Ad Widget

**Markku** · 19-08-2024, 20:10

The way Zabbix server HA works is that the standby node does not listen to the trapper port (10051). Thus, the agent possibly trying to connect to it gets a TCP reset from the server's TCP stack.

Now, your log looks a bit suspicious when it says that an "existing connection was forcibly closed". This does not match the behavior I just described: since there is nobody listening to the connection, nobody ever accepts the connection, and thus the connection cannot be closed either (because there is no TCP connection).

So, is it possible that there is something (like a firewall or other TCP proxy) that intercepts those connections?

Since you are using Wireshark (that's great!), you are also able to see exactly what happens at the TCP level.

About some agents being suddenly unable to connect to the active node, that's also something that you should see better with Wireshark. And, why would some agents behave this way and not the others, there is something for you to think about: how is the topology different, etc.
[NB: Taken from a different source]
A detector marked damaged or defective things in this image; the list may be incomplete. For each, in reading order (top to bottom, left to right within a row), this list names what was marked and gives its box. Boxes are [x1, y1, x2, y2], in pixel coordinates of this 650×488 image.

You should also increase the logging level in the agent side to see what the agent is sending, receiving and thinking.

Markku

**Markku** · 19-08-2024, 20:14

To add to the previous, it would also help to capture the affected agent connections (using tcpdump) at the server sides. Then you can again see exactly if the connection (or attempt) from the agent matches that on the server side, or is someone intercepting the connection (attempt) in transit.

Markku

**jhboricua** · 19-08-2024, 20:34

Originally posted by Markku

The way Zabbix server HA works is that the standby node does not listen to the trapper port (10051). Thus, the agent possibly trying to connect to it gets a TCP reset from the server's TCP stack.

This is what I see in the wireshark captures, resets from the 2nd node when communications with the primary stops. But that's what I expect the 2nd node to do. I'm more interested in why is the Windows Agent2 suddenly not attempting to reach the primary. I mean, there was no traffic whatsoever to the primary in the wireshark capture when the issue happens.

Originally posted by Markku

Now, your log looks a bit suspicious when it says that an "existing connection was forcibly closed". This does not match the behavior I just described: since there is nobody listening to the connection, nobody ever accepts the connection, and thus the connection cannot be closed either (because there is no TCP connection).

So, is it possible that there is something (like a firewall or other TCP proxy) that intercepts those connections?

This is a container deployment in AWS Fargate. There is a network load balancer in front of each backend server.

zbx-node-01.uat.zabbix.mydomain.com --> backend1_NLB --> backend1_container
zbx-node-02.uat.zabbix.mydomain.com --> backend2_NLB --> backend2_container

By the way these are network load balancers, operating at layer 4, no layer 7 application load balancers.

Originally posted by Markku

About some agents being suddenly unable to connect to the active node, that's also something that you should see better with Wireshark. And, why would some agents behave this way and not the others, there is something for you to think about: how is the topology different, etc.

The only difference is the Os of the server running the agent. So far, Linux servers are unaffected, only windows agents are doing this. They are both configured exactly the same from a Server/ServerActive standpoint.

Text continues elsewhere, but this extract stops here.